Another Word For It Patrick Durusau on Topic Maps and Semantic Diversity

April 13, 2016

“Ironically, Entity Resolution has many duplicate names” [Data Loss]

Filed under: Entity Resolution,Topic Maps — Patrick Durusau @ 8:45 pm

Nancy Baym tweeted:

“Ironically, Entity Resolution has many duplicate names” – Lise Getoor

entity-resolution

I can’t think of any subject that doesn’t have duplicate names.

Can you?

In a “search driven” environment, not knowing the “duplicate” names for a subject means data loss.

Data loss that could include “smoking gun” data.

Topic mappers have been making that pitch for decades but it never has really caught fire.

I don’t think anyone doubts that data loss occurs, but the gravity of that data loss remains elusive.

For example, let’s take three duplicate names for entity resolution from the slide, duplicate detection, reference reconciliation, coreference resolution.

Supplying all three as quoted strings to CiteSeerX, any guesses on the number of “hits” returned?

As of April 13, 2016:

  • duplicate detection – 3,854
  • reference reconciliation – 253
  • coreference resolution – 3,290

When running the query "duplicate detection" "coreference resolution", only 76 “hits” are returned, meaning that there are only 76 overlapping cases reported in the total of 7,144 for both of those terms separately.

That’s assuming CiteSeerX isn’t shorting me on results due to server load, etc.

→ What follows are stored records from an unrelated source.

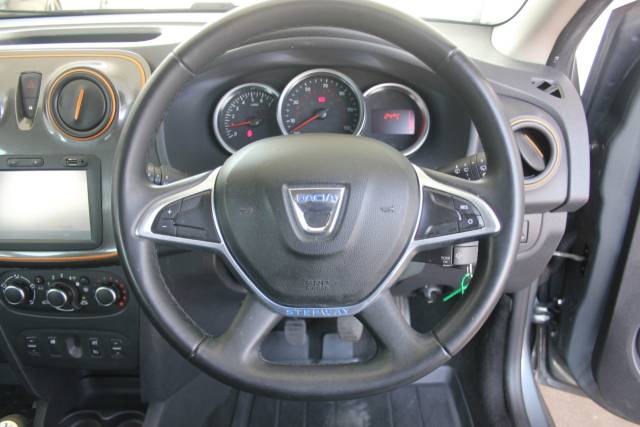 2017 Dacia Logan-stepway 0.9 TCe SE Summit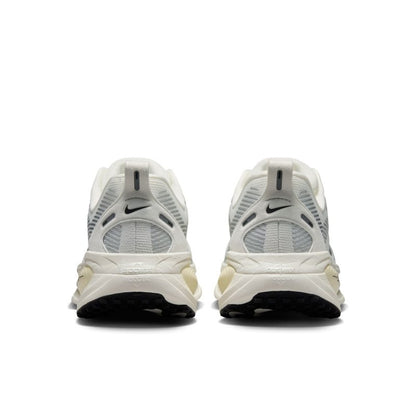 Nike Vomero 18 - Summit White/Black/Coconut Milk
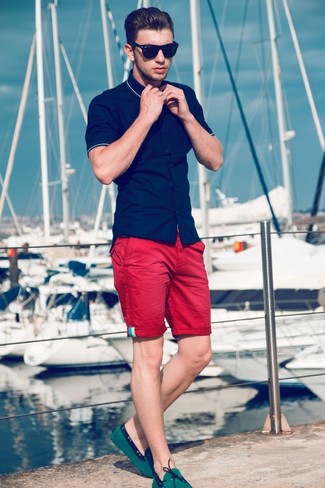20 Jährige: Grüne Mokassins kombinieren – 1 Herren Outfits: Tragen Sie ein dunkelblaues Kurzarmhemd und roten Shorts für ein großartiges Wochenend-Outfit. Grüne Mokassins sind eine kluge Wahl, um dieses Outfit zu vervollständigen.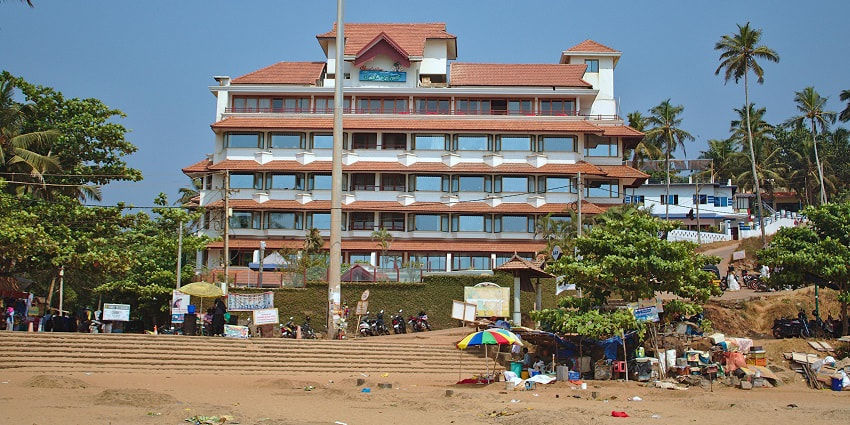Spend time in the cosy hotel and homestays on your trip to Kerala’s wonders and nature.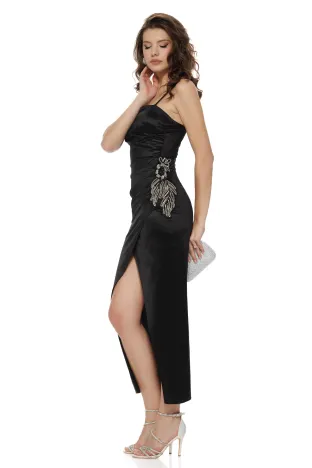 Rochie midi de ocazie din lycra neagra satinata cu falduri su cupe buretate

I would have to cross-check the data itself before I would swear to those figures.

But consider just the raw numbers I report today: duplicate detection – 3,854, coreference resolution – 3,290, with 76 overlapping cases.

That’s two distinct lines of research on the same problem, for the most part, ignoring the other.

What do you think the odds are of duplication of techniques, experiences, etc., spread out over those 7,144 articles?

Instead of you or your client duplicating a known-to-somebody solution, you could be building an enhanced solution.

Well, except for the data loss due to “duplicate names” in a search environment.

And that you would have to re-read all the articles in order to find which technique or advancement was made in each article.

Multiply that by everyone who is interested in a subject and its a non-trivial amount of effort.

How would you like to avoid data loss and duplication of effort?